Je ne parlerai pas de Jean-Marie Bockel et de ses propos imprudents, qui lui ont valu d’être renvoyé à la demande des autocrates africains.

J’en viens maintenant au second renoncement grave du Président de la République que nous dénonçons et qui concerne notre rôle dans l’OTAN. Le candidat à la présidence avait affirmé : « L’OTAN n’a pas vocation à devenir une organisation concurrente de l’ONU. L’Europe a des intérêts de sécurité qui lui sont propres. Le renforcement de la défense européenne doit donc rester une priorité. ». Là aussi la rupture avec la promesse est pratiquement consommée. Si nos informations sont justes, la France s’apprête à revenir rapidement dans le commandement intégré de l’OTAN.

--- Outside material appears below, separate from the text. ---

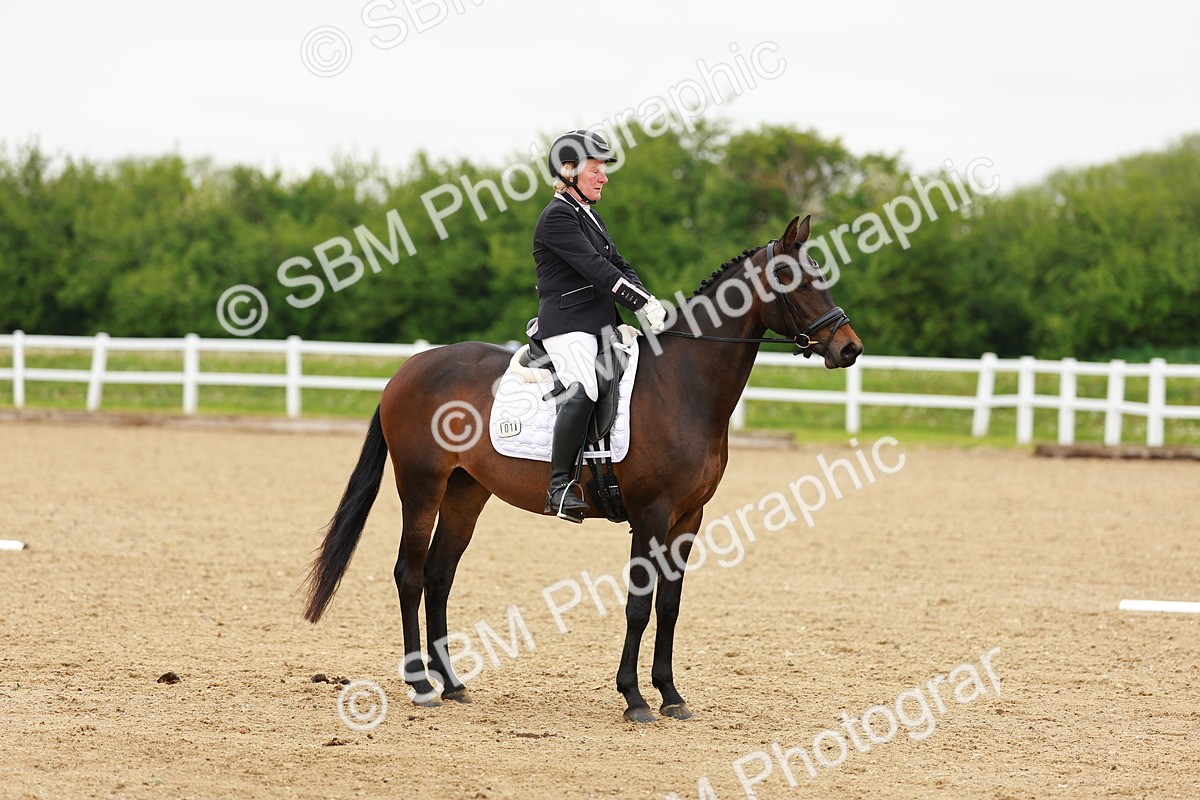 SBM_005350 - Class 16 - Novice 6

Qu’y gagnera la France ? Qu’adviendra-il de la politique européenne de sécurité et de défense, que nous sommes pratiquement les seuls à défendre dans l’Union européenne ? Plus grave encore, la France s’est-elle assurée que les perspectives, les contours et les modalités de fonctionnement de l’OTAN seront redéfinis conformément aux intérêts de la France et de l’Union européenne ?

J’en viens à l’Afghanistan, où nous sommes engagés avec force dans le cadre de l’OTAN. Deux opérations coexistent : Enduring freedom et International security assistance force, ISAF Cette coexistence entraîne des incohérences dont nos soldats sont les premiers à pâtir. Je souhaiterais savoir si notre pays œuvre concrètement pour aboutir à un commandement commun, ou au moins à une véritable coordination des actions.

Nous devrions aussi peser fortement sur le commandement américain pour que cessent les bombardements dont sont victimes en majorité les civils. Il n’y a rien de tel pour renforcer une guérilla, comme le montrent les expériences du Vietnam et de l’Algérie. Enfin, je regrette que le montant de notre aide bilatérale en Afghanistan n’ait été que de deux millions d’euros en 2007, quand celle de la Grande-Bretagne s’élevait à 171 millions d’euros. Nous avons le même PIB et l’engagement militaire britannique est aussi important que le nôtre. La disproportion de l’engagement civil est donc frappante.